Holding LGBTQIA+ resources back does not prevent queer individuals from existing

Mia Perez, Guest Writer

Illustration by Mia Perez

I was assigned female at birth, but I am gender nonconforming. My pronouns are they/them. And, I am living proof that sexual repression and inaccessibility to resources and education surrounding LGBTQIA+ subjects doesn’t actually prevent gay people from existing.

Before I knew myself as trans, I had the language and the circumstances to know myself as a girl and as a woman. I was deprived of the ability to recognize myself as queer because I was raised up in a small, white, Reagan-loving, suburban town full of nuclear family units and in conservative Christian spaces where queer topics and people were stigmatized or outright rejected.

It was only through meeting people like myself upon moving to a new city as an adult that I was able to realize that I am not a complete anomaly, and that the conditions blockading access to LGBTQIA+ resources and information are still far too prevalent. Had I been able to access the language and resources to learn about myself as a child and an adolescent, I likely would have been spared a great deal of the heartbreak, trauma, confusion and loneliness that has led up to my present existence.

Policing behaviors, bodies and identities is fascist, and for a myriad of reasons — religious, political or otherwise — plenty of folks today are content living under it. To that I say: people’s identities and self expression are not up for debate. Abolish the binary. Protect trans kids.

Cis-heteronormativity is only naturalized because it reinforces white patriarchal power structures. If you are unaware of the legislation being passed across the country permeating blatant homophobia and transphobia, go read up on it. Texas is labeling parental approval of gender-affirming care for minors as child abuse. Florida is preventing gay topics from being discussed in public schools and are requiring that faculty members out gay and trans students to their parents. I hope it aggravates you. It sure aggravates me. Then, come back to this article and read on.

The gender binary manifests itself in dominant social codes through a stigma which makes the mere public existence and expression of queer and gender nonconforming folks into a problem. The ruling codes produce discourse which categorizes LGBTQIA+ identities as unnatural, creating a world where it is still so scrutinized, unsafe and made into such a spectacular incident to exist outside of the dominant binary code and/or heteronormativity.

Folks who exist between and beyond the binary structure of gender and heterosexuality are infringed upon by both surveillance and the ruling ideas of a society. From the masquerade laws implemented across the country in the 1940’s — which essentially prohibited people from presenting in a way at all contrary to their sex assigned at birth by requiring that a person wore (or did not wear) three gender specific articles of clothing when in public — to the ‘Don’t Say Gay’ bill (aka the “Parental Rights in Education Act”) that was passed in Florida just last week, our country is rooted in the criminalization of culturally contrary forms of gender expression and sexuality. Namely, we comprehend cisgender, heterosexuality to be the default for ourselves and for our children, and if one is to diverge from such identifiers, they are made immoral, unnatural, enemy.
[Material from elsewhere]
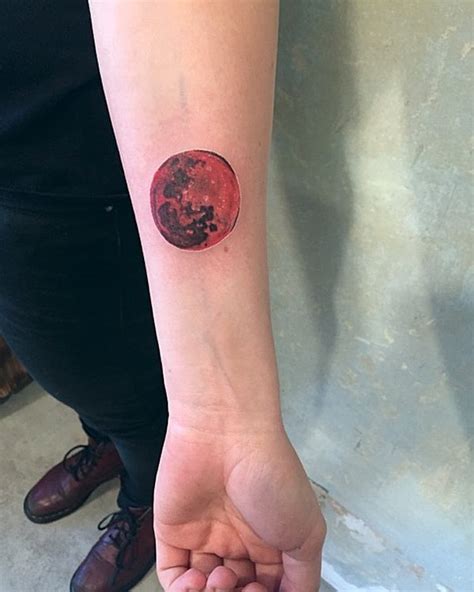 Bloodmoon tattoo by Marco Nerdy - Tattoogrid.net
Gay and transgender rights are not a struggle of the past. We are still fighting. The United States government actively participates in orchestrated attempts to eradicate gay and gender nonconforming people. From January 1st of 2015 to April 15th of 2021, there were nearly 350 anti-transgender bills introduced into legislation in the United States and, as is evident by recent actions in states like Florida, Texas and Idaho, the numbers continue to rise.

This is the very regulation of behavior and of bodies that Michel Foucault, a French philosopher and historian of ideas, cautioned us about. In his work, “Truth and Power” (1979), Foucault noted that “sexuality is far more a product of power than power was ever repression of sexuality.” Namely, diversion from cisgender, heterosexual behavior and identity is oppositional to the status quo and its very threat to hegemonic systems makes it even more powerful than the repression of such.

The regulation of bodies stems from the very threat of their resistance. The existence of gay and gender-nonconforming people is an act of resistance in and of itself, and therefore a threat to systems of power. They create ways of living, looking and loving outside the bounds of what they’ve been told they should be. They prove that it is possible to thrive outside of the systemic, the traditional, the naturalized.

We indoctrinate children into heterosexuality from day one — from the media consumed, to the forms of entertainment indulged in, to the clothes and colors that they wear — and nobody bats an eye. We reinforce the heterosexual lifestyle prescribed as ‘normal.’

But, gay kids will be gay, regardless of whether or not they are allowed to talk about it in school, in church or in the general public. I know this because I was never taught about anything LGBTQIA+ related in school. I was told it was punishable to be gay in religious spaces. I experienced strictly cisgender, heterosexual people and relationships in film, and in music and in story.

Yet here I am, despite it all, queer as hell.